Red Cross Denies Help to Families
In an unexpected switcheroo, the Red Cross surprised me. They apparently have denied assistance to families burnt out of their humble abodes in a Ft. Lauderdale, FL motel. It seems the desperate families are too homeless.
I’ve long been railing about families “not homeless enough,” as shown in my film of the same name made in Madison and Dane County, Wisconsin a couple years ago. Millions of houseless households don’t qualify for HUD assistance because they’re not homeless enough. Congress, bless their hearts, has no clue that homelessness is far worse than they’ve been told by HUD. Instead of 500,000 or so people experiencing homelessness, estimates of 20 million or more reflect the painful reality. Here’s my modest calculation of families and youth.
In last night’s Ft. Lauderdale incident, two families were displaced by fire at the motel they were staying. I think it’s safe to say these families weren’t vacationing.

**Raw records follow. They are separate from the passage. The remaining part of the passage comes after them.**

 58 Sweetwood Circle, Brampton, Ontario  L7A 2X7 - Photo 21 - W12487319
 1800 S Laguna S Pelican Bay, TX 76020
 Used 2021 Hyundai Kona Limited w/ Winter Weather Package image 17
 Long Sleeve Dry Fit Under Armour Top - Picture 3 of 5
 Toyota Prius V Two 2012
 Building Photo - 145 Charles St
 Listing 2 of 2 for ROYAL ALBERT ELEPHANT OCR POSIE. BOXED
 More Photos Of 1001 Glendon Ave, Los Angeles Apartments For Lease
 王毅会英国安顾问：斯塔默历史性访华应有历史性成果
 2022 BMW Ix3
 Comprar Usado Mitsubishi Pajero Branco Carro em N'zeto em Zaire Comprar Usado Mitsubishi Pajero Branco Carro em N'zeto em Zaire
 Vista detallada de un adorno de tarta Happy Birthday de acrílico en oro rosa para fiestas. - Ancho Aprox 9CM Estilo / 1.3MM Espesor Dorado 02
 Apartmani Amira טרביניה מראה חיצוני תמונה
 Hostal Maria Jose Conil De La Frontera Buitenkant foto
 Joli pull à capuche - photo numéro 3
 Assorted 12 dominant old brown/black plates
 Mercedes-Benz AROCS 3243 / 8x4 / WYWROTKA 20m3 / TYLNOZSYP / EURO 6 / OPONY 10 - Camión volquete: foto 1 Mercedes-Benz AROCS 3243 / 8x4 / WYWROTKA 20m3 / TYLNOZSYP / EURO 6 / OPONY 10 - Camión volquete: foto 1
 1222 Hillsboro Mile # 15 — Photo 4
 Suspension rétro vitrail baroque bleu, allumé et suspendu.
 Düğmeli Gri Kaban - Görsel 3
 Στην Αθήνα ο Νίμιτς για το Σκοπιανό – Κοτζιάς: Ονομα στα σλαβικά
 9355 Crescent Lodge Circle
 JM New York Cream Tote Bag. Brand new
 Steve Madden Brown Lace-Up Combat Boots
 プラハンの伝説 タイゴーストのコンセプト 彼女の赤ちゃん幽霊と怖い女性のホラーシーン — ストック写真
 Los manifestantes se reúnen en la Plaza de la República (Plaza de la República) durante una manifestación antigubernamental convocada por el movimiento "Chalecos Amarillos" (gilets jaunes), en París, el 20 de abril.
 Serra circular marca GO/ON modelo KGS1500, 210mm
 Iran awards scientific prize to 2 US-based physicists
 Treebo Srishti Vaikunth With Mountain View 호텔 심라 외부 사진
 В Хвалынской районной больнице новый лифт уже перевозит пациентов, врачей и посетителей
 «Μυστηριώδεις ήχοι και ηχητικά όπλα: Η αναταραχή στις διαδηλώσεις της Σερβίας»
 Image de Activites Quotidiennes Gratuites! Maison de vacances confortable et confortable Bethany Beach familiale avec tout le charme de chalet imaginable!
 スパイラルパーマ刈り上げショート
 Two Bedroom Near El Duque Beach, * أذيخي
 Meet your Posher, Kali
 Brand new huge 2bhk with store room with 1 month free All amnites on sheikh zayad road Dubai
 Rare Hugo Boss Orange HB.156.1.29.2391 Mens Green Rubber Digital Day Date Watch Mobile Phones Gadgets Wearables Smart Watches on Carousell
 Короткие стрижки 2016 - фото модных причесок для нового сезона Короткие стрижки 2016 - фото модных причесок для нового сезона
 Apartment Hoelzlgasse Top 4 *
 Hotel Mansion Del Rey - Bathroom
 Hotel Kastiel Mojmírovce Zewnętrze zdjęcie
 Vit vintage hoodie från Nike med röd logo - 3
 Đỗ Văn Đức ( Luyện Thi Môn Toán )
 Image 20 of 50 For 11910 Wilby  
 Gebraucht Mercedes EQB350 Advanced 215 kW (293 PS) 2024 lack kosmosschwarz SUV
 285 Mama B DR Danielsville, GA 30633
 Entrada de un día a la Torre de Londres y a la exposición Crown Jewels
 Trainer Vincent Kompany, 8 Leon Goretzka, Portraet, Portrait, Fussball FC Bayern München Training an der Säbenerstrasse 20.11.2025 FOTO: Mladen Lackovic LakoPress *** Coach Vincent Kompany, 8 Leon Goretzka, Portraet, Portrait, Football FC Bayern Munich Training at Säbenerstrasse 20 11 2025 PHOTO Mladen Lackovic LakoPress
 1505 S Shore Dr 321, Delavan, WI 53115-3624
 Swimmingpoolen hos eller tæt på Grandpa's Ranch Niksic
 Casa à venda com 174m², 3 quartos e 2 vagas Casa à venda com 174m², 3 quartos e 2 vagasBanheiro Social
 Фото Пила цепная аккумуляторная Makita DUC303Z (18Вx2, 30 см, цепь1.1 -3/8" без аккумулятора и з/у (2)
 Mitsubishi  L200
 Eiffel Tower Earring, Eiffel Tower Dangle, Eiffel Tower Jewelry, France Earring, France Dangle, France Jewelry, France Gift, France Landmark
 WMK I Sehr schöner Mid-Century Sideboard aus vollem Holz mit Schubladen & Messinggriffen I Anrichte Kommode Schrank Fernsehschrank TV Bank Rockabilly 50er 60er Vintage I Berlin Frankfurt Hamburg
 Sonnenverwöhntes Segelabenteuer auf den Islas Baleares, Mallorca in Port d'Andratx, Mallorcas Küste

Countless families turn to motels when they’ve lost housing. They’re the “lucky” ones. Staying in a motel sure beats the alternatives — sleeping in a car (if you’re luck enough to have one), staying in a shelter (if you’re lucky enough to be somewhere family shelters exist and have room for you), staying with family/friends or strangers (which isn’t as cozy or stable as you might imagine), sleeping in places not fit for human habitation (as awful as it sounds), “camping” with no comforts of home (and enduring awful weather).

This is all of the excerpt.